Stare into the abyss of a swirling black hole with this LED monolith installation

Ars Technica » Scientific Method 2021-11-30

Screengrab of Jesse Woolston's latest piece, <em>The Dynamics of Flow</em>, debuting at Art Basel Miami Beach later this week.

Enlarge / Screengrab of Jesse Woolston's latest piece, The Dynamics of Flow, debuting at Art Basel Miami Beach later this week. (credit: Jesse Woolston)

Multimedia artist, composer, and sound designer Jesse Woolston has had a recurring dream for much of his life about encountering a black hole, "falling inward, and waking up terrified." (Who wouldn't wake up terrified?) According to the artist, those dreams have always been a reminder to him of "nature's terrifying awe." Now, Woolston has channeled that emotional experience into a new multimedia installation, The Dynamics of Flow—part of an LED monolith exhibit debuting later this week at Art Basel Miami Beach. Bonus: it's also an NFT.

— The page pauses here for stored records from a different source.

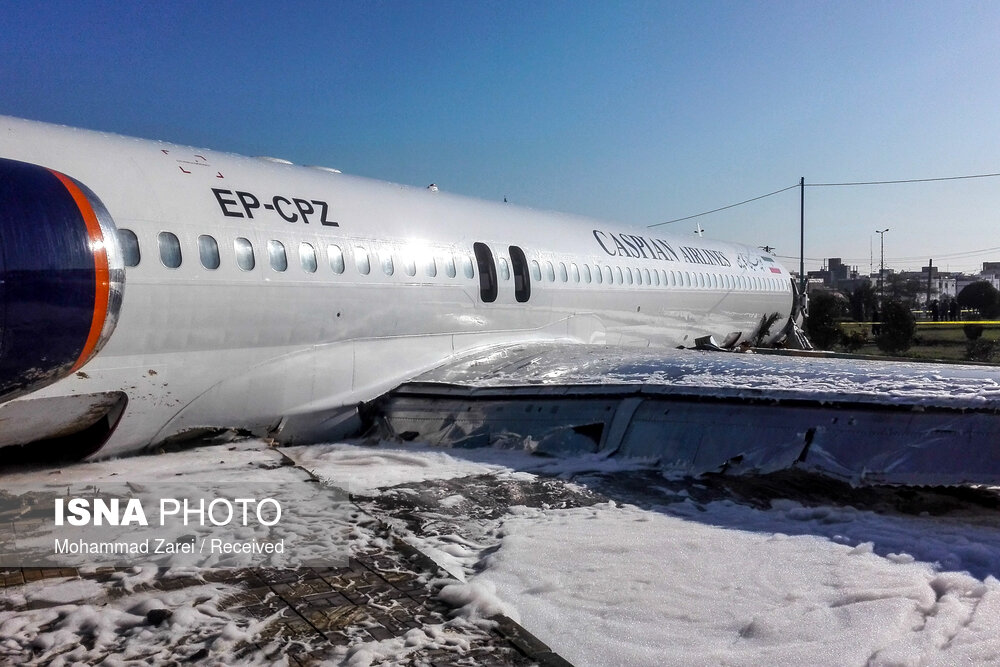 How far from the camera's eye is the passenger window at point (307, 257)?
793 centimetres

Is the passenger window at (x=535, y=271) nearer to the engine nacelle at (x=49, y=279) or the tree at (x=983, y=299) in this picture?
the engine nacelle at (x=49, y=279)

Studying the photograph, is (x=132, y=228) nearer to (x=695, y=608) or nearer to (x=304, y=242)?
(x=304, y=242)

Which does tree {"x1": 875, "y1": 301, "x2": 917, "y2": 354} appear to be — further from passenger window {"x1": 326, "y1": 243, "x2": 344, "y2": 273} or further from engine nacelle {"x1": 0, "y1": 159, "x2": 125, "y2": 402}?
engine nacelle {"x1": 0, "y1": 159, "x2": 125, "y2": 402}

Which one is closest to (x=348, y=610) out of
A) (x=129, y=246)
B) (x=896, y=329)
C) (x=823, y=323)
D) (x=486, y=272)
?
(x=129, y=246)

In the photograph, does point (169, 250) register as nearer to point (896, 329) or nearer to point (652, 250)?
point (652, 250)

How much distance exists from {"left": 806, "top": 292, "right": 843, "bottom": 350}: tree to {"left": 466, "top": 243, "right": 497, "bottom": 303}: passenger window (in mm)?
21071

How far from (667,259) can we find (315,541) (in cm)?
1169

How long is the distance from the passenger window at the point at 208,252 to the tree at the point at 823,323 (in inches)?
997

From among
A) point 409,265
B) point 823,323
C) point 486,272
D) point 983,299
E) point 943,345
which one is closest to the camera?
point 409,265

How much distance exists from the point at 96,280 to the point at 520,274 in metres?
6.92

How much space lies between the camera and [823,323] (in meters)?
29.6

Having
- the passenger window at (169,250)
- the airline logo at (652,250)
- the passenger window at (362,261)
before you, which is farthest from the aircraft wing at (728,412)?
the airline logo at (652,250)

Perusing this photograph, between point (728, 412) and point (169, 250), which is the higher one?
point (169, 250)

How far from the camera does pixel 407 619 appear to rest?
396 centimetres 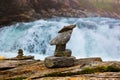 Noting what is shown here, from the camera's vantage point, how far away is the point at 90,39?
145 ft

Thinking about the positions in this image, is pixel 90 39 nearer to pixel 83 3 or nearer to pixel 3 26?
pixel 3 26

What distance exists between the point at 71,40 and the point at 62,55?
108 ft

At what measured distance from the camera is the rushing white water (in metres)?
41.2

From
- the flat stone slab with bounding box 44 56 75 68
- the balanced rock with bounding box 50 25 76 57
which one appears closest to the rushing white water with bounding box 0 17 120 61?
the balanced rock with bounding box 50 25 76 57

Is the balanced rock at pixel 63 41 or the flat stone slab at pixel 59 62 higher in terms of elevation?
the balanced rock at pixel 63 41

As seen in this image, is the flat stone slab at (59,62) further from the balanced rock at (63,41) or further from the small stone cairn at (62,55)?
the balanced rock at (63,41)

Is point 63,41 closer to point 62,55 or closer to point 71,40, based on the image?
point 62,55

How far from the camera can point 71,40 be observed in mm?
44906

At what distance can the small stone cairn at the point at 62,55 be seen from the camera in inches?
464

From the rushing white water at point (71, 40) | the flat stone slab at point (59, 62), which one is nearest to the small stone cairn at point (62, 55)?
the flat stone slab at point (59, 62)

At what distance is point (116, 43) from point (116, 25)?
841cm

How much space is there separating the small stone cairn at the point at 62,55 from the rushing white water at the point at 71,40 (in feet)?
86.7

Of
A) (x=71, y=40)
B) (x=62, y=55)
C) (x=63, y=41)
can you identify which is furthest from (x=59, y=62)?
(x=71, y=40)

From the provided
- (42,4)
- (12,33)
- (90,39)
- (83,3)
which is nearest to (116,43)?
(90,39) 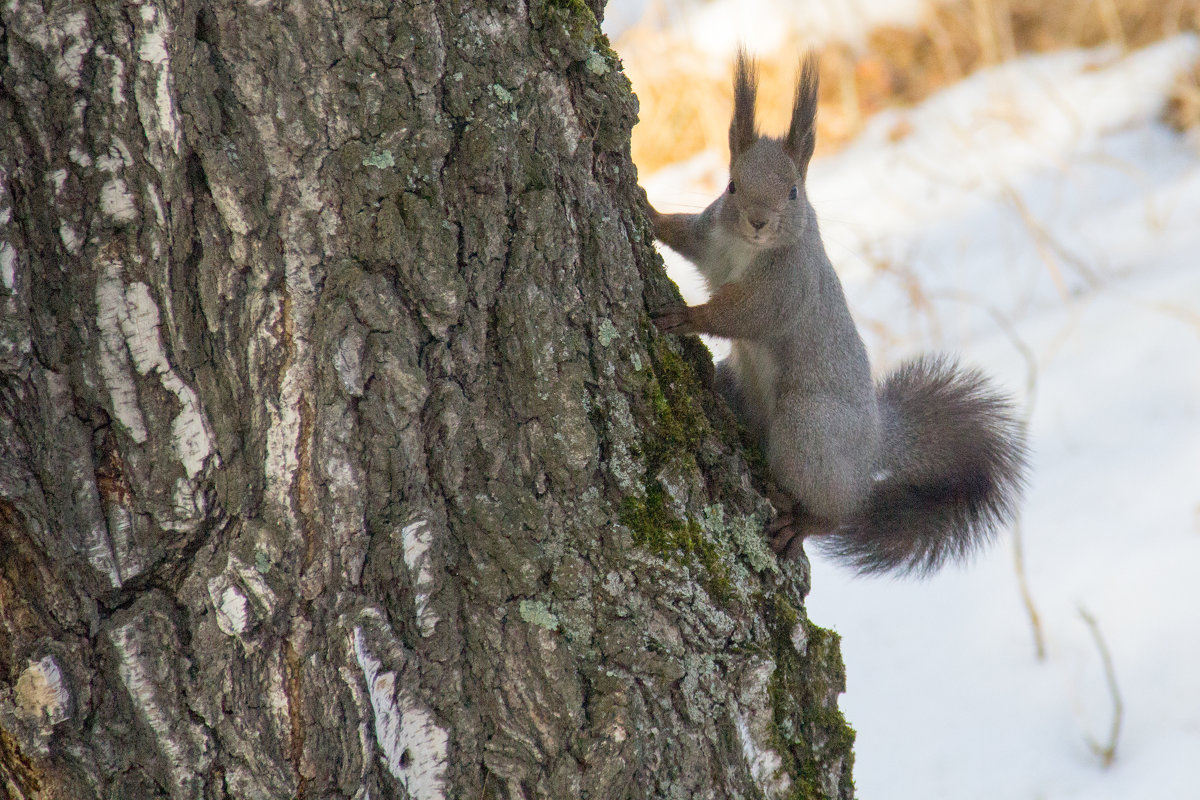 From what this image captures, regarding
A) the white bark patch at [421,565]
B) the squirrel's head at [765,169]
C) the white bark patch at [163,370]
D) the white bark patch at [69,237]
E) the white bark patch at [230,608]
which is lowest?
the white bark patch at [230,608]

My second #NFT, released on the 28th, will be part of an LED monolith installation built for the week of Art Basel. Throughout my life, I've had the same dream, being confronted with a blackhole and falling inward. This installation and NFT communicates my experience. 🖤 pic.twitter.com/Kw93btpXhq

— Jesse Woolston (@jessewoolston) November 27, 2021

Woolston has long merged his artistic work with his love of science, aiming to "recontextualize" physics and art both visually and with sound/music. "I see scientists almost as magicians who are fantastic at understanding the world," he told Ars. "I consider myself someone who loves to communicate the laws of the universe and what it means to be human." He's worked with astrophysicists at Cornell University who hunt for exoplanets, for instance, and wrote the music for a theatrical dance performance inspired by Washington State University research on glacier dynamics in Greenland. In recent years, his focus has been on building large installations that combine sound and visuals in interesting ways.

A couple of years ago, Woolston created an art installation for the Museum of the Moving Image in New York City with Levi Patel that made use of haptics technology. The tech is called Music: Not Impossible (M:NI), and I wrote about it in 2018. M:NI is designed to provide deaf and hearing users alike with a "vibrotactile" concert experience.